(DATA PROVIDED Opens)

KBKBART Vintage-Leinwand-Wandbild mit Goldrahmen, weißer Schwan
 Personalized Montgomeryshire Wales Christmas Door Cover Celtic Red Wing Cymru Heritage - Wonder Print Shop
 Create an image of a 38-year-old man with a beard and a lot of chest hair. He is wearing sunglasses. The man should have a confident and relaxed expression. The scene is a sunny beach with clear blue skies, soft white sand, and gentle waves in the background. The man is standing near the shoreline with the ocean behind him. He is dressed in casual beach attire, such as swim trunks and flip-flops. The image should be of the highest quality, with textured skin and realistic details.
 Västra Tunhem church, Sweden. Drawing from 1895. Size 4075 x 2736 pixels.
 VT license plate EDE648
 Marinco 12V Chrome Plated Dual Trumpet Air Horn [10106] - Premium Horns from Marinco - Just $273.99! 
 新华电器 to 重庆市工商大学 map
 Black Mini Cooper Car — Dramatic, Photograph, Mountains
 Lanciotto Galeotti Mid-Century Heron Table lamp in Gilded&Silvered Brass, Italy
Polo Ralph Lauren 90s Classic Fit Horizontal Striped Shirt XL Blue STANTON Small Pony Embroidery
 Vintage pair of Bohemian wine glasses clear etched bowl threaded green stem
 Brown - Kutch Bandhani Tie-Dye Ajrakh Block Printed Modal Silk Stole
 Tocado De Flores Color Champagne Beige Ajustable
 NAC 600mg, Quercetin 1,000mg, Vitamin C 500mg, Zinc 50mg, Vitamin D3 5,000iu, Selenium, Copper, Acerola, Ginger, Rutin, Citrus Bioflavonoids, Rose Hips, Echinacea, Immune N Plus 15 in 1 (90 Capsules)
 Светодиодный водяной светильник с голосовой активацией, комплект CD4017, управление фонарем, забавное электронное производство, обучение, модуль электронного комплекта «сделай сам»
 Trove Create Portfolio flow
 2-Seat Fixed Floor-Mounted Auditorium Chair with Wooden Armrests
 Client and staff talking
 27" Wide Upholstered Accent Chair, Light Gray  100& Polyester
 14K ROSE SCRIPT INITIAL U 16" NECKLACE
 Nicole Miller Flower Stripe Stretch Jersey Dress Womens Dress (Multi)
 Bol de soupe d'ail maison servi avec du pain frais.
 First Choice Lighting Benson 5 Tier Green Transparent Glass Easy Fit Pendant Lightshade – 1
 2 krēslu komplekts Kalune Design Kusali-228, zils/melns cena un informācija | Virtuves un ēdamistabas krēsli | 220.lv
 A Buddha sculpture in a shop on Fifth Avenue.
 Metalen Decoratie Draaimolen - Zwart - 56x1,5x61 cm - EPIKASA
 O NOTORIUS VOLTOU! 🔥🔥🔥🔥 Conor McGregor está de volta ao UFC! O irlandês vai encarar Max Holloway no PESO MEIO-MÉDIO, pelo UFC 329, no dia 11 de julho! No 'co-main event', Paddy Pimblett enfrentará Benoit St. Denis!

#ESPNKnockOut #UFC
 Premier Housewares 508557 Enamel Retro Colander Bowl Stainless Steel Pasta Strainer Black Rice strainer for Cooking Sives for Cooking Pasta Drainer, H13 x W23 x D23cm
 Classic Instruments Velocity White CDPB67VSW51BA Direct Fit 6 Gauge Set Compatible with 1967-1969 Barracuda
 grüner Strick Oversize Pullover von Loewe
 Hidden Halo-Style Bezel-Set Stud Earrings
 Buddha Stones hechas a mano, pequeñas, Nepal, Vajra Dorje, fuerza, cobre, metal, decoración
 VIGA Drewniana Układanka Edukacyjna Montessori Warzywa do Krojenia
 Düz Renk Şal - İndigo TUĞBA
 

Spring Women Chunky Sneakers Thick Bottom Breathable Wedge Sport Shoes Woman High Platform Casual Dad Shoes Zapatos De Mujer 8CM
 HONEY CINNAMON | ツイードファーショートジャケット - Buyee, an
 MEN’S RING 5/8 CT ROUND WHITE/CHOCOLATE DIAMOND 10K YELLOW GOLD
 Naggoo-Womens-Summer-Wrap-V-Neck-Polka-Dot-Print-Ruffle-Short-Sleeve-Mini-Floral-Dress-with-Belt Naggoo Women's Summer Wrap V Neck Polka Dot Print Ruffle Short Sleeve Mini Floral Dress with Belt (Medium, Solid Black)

(DATA PROVIDED Closes)

## [WHAT YOU HAVE TO DO]
Apply a filter for "Classic" to the entries and show each line that passes.

## [ANSWER TO THIS EXERCISE]
Polo Ralph Lauren 90s Classic Fit Horizontal Striped Shirt XL Blue STANTON Small Pony Embroidery
 Classic Instruments Velocity White CDPB67VSW51BA Direct Fit 6 Gauge Set Compatible with 1967-1969 Barracuda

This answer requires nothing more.